А ведь так оно и есть – боги не занимаются обжигом горшков, у богов дела поважнее, а мы, люди, как раз в этом и преуспели. Не так давно мне посчастливилось стать редактором книги моего друга, одноклассника, писателя-виршеиста, как он сам себя называет, Валерия Михайловича Киселевского, а называется эта книга «Гончарный круг жизни». Работал он над ней не один год. Книга серьезная и, что называется, на века. Есть она и на моей книжной полке в кабинете, так что обращаюсь я к ней нередко и всегда нахожу что-то полезное на страницах мудрого моего товарища. Позволю себе завершить свою нынешнюю статью словами именно из этой книги, а почему – это пусть каждый из вас сам ответит. Публицистика тем и хороша, что это не просто литература, а постоянный диалог со своим читателем, причем честный и эмоциональный, впрочем, какой и должна быть словесная среда обитания для человека – живучая! А теперь – книга Валерия Киселевского, точнее, из книги: «Помню ещё в школе, наблюдая, как первая учительница тщетно пыталась разобрать египетские иероглифы моего корявого почерка, я, дабы прекратить её мучения, встал из-за парты и в доходчивой устной форме предложил свою версию разгадки начертанного.»

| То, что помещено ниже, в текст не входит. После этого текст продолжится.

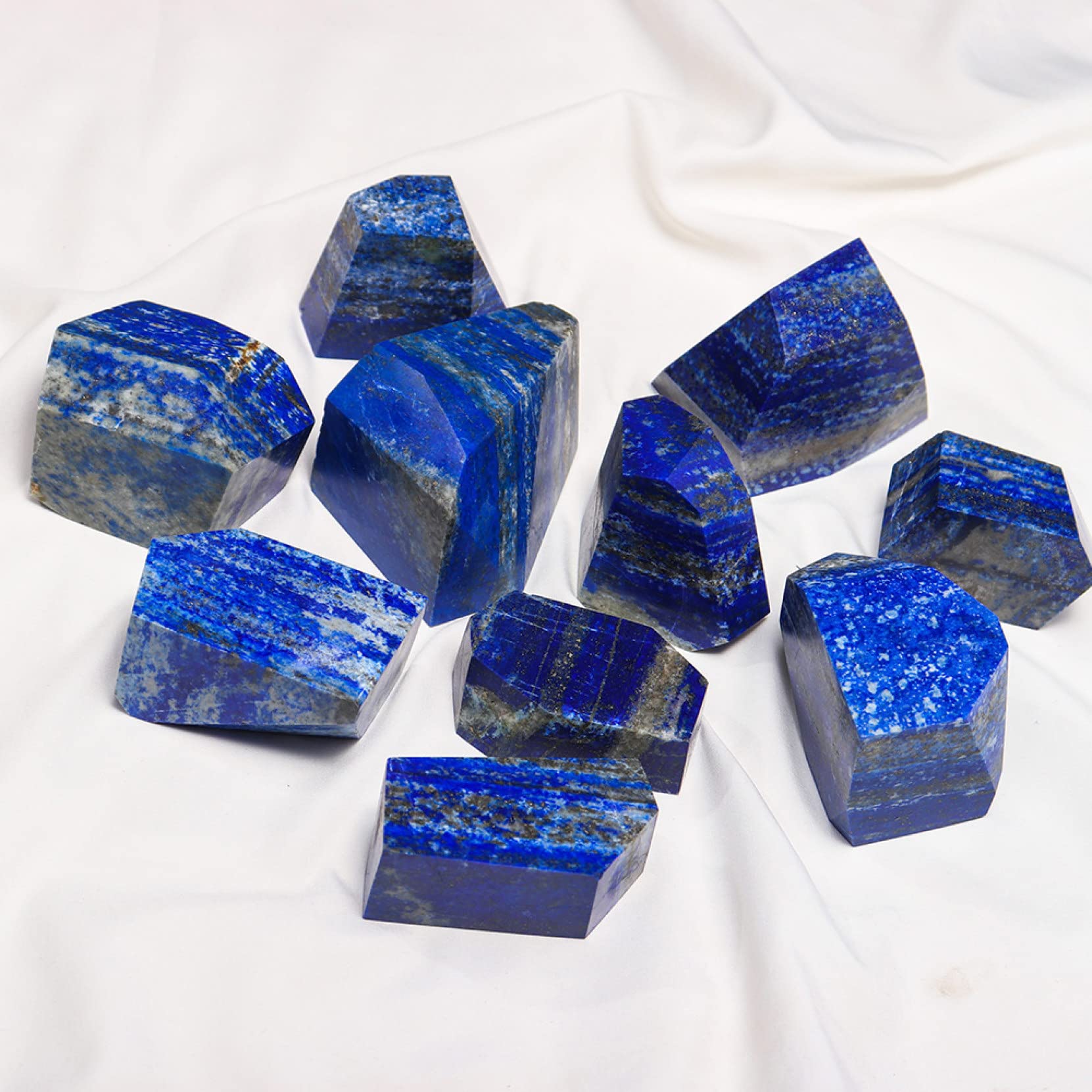 Natürlicher Kristall, rauer, natürlicher Lapislazuli-Edelstein, Kristallstein, unregelmäßiges, polyedrisches, geometrisches Pendel for Heimtextilien, Dekoration, Mikrolandschaft, Bonsai-Handwerk oder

Да, Валера, и я это тоже помню. Меня тогда еще поразила твоя объективная самонадеянность, и я подумал, что иногда нужно помогать даже учителям.
Для публициста учителями являются его читатели, а потому писать нашему брату надо так, чтобы было как можно понятнее тем, кто проверяет написанное нами – нашему народу!

Терентий Травник. Из книги «Ластик, лист и карандаш».